Pero no. No te alcanza. No queres otra arena; tampoco otro castillo. Vos lo querías a él. Y nada de lo que hagas, te permitirá volver al momento donde sentiste el disfrute de saber de su existencia en tu vida.
¿Vas a castigarte?, si. Durante mucho tiempo vas a hacerlo. Porque nadie mejor que vos sabe todo aquello que estaba en juego a la hora de elevar los muros de ese castillo. Todo el sacrificio que invertiste, todos tus anhelos y los proyectos que diagramaste se derrumbaron junto a ese divertimento veraniego.
Precisamente por eso, sos quien hoy debe decidir entre quedarse posando debajo de todo el montículo de arena que se dejó caer sobre tus pies, o de alguna manera, decidir sí a partir de ese derrumbe te dedicaras a construir nuevos mundos.
Hoy no importa cuanta más arena haya, ni cuántos castillos iguales o mejores puedas hacer. Hoy solo importa que del fracaso sepas entender que las oportunidades van y vienen como una marea repleta de historias de castillos de arena. Y que en vos está la decisión de hacer de esa caída un punto de partida para poder verte como de verdad te mereces: como el único constructor de fortalezas a pesar de las lágrimas.
Partir de aquellos lugares donde nos sentimos tan cómodos es difícil. Pero no imposible. A veces cuesta asumir la decisión de saltar a un nuevo libro, a una nueva trama, incluso a compartir un cambio de elenco en nuestra historia.
Pero todo pasa por algo. Quizás con todos los asuntos por resolver durante nuestro día a día, no notemos que la inestabilidad es un periférico más, que se suma a un escritorio repleto de tareas pendientes. Y que se toma el tiempo para ir empujandonos hacía ese instante de la vida que reconocemos a partir de una caída.

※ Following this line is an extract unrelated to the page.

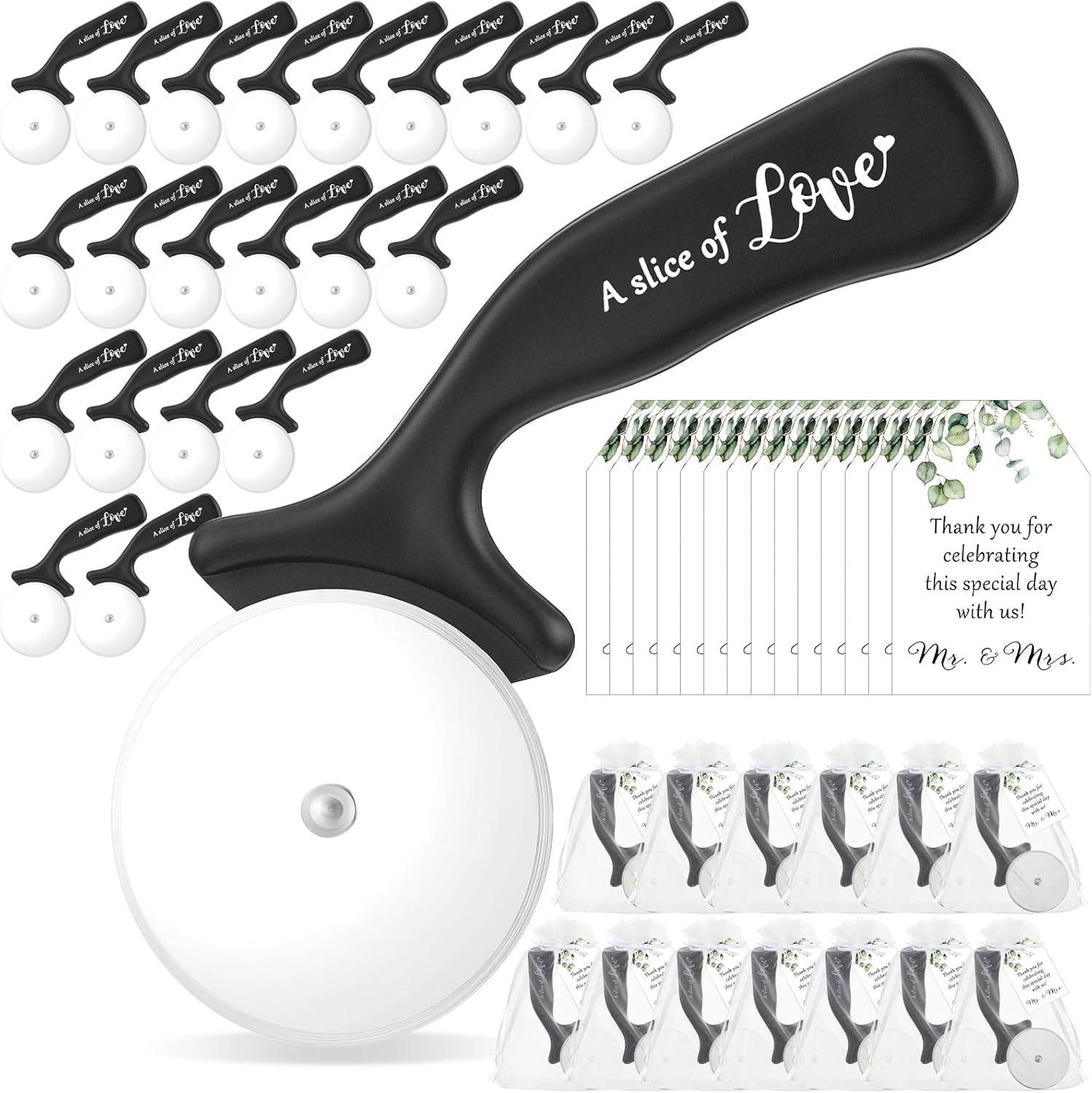 50 Set Wedding Party Favor for Guests Include a Slice of Love Stainless Steel Pizza Cutter Thank You Cards and Organza Gift Bags Pizza Cutter Wheels for Bridal Shower Return Gifts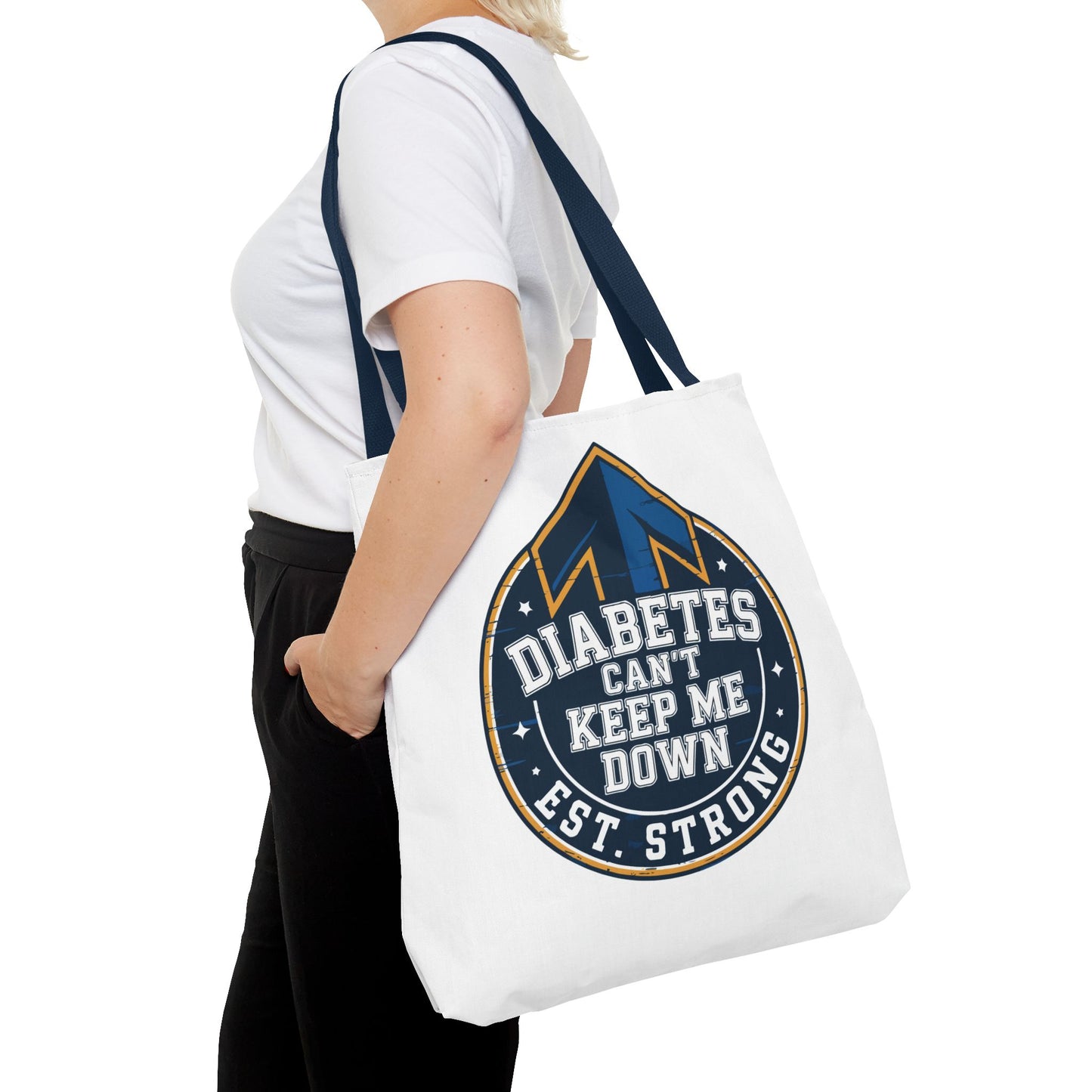 Diabetes Can't Keep Me Down Tote Bag — Inspirational Diabetes Awareness Shopper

No es fácil, por eso siempre logramos llenar el vacío que nos provoca la pregunta “¿Qué hago haciendo esto?”, con miles y miles de excusas. Que por supuesto, no nos llevan a cambio alguno.
Aunque parezca loco de creer, tenemos bastante que ver con esas cadenas que nos impiden avanzar, y mientras perdemos el tiempo culpando a terceros de su existencia. No hay proyecto de obra para nuevos castillos.
No sos perfecto. Simplemente sos humano, y nada de lo que hagas será lo suficientemente grave, como para castigarte durante tanto tiempo.
Asique agarra la pala, el balde, el gorrito para el sol: ¡y ponete a construir tu nueva aventura!
Espero que tenga mucho que ver con tu sonrisa.